Why is this important for every theater to know? Because it’s the information that donors and sponsors and patrons need to hear—that they’re not only supporting culture and a few hungry artists, but that they’re contributing to a significant economic impact in their communities as well.

So, if you’re not in Connecticut, go find some comparable facts and figures for your own state.  In any state, mention these facts in a few marketing materials and funding applications. And congratulate yourselves for having made such an impact.

Aren’t the Good Ones All Community Theaters?

In the last fifteen years, I’ve worked with over two hundred theaters.  No, I haven’t been consulting that long.  And no, I haven’t changed jobs that many times either.

In the early 1990s, I was a Management and Program Associate at the Alliance of Resident Theatres/New York (ART/NY).  This service and advocacy organization for Off Broadway (which now boasts nearly 400 not-for-profit theater members throughout New York City) serves larger Broadway-producing organizations such as Lincoln Center Theater and Roundabout Theatre Company right down to start-up companies with no permanent space and budgets not much larger than the amount of change in the founding members’ pockets.

Serving roughly 200 theaters at the time, ART/New York introduced me to the production, marketing, development, financial and general management practices of all of these theaters.  When representatives from the larger theaters spoke at meetings or roundtable discussions, I learned right along with the smaller organizations.  When the smaller theaters gathered, I moderated seminars and discussions to share information and questions.  And, even with a theater degree from Columbia University School of the Arts hanging on the wall, I learned from these groups too.  I learned about their penny-wise practices, their efforts, their drive, their spark, and their goals.
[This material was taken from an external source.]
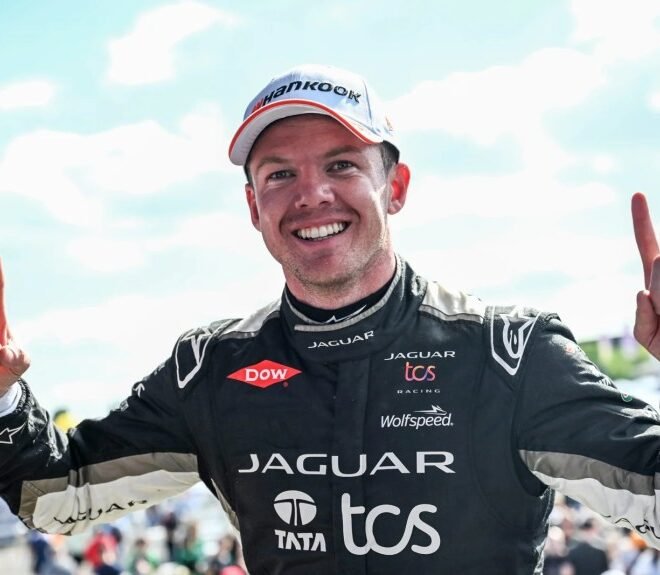 CASSIDY leads Formula E championship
Whenever I’d encounter a new theater company back then—or a friend or acquaintance would talk to me about starting a company—I’d recommend joining ART/New York first thing.  I didn’t get any commission or perk from the suggestion (maybe I got some kind of theoretical bonus points or an ‘atta boy); I did it because I honestly believed in the power of joining the group.

Theater doesn’t exist in a box.  (Okay, literally it can exist in a box, but that’s not the figurative kind of box I’m talking about.)   A grad school professor I had stressed repeatedly that theater is collaborative.  He wanted to encourage not only recognizing and working with the talents of other theater artists, but relyingon them.  In the same way, theaters should reach out to recognize and share talents and opportunities with their communities—and, yes, even rely on their communities for support in patronage, donations and funding if appropriate, volunteerism, and goodwill.  Sharing with other theater companies—either directly, through community or service organizations, or through consultants who work with several groups—can also save a theater enormous amounts of time and money whether through pooling resources or merely combining knowledge and experience.  Unlike most businesses that offer a service or sell a tool, theater benefits from competition.  Few arts patrons limit their theatergoing to one venue, and getting new patrons into a theater—any theater—will increase the chance they’ll keep going to performances and eventually come to yours.

Joining or becoming involved with a community organization—whether an arts advocacy organization, a local chamber of commerce, a local or state arts council, or a national service organization—brings a theater out of its box (both literally and figuratively) and closer to its community.  At ART/New York, the benefits of membership include access to resources, workshops, marketing and publicity alliances, mailing lists, low-interest loans, cash grants, and affordable office, meeting and rehearsal space.  The advantages of every service and community organization around the country won’t be the same as Off Broadway, but the benefits of community are at all of them.

My first advice to theater companies hasn’t changed in fifteen years.  Join up.  Invest some time in your community and in working with other arts groups.  The time and money saved, and the goodwill created, will be well worth the effort.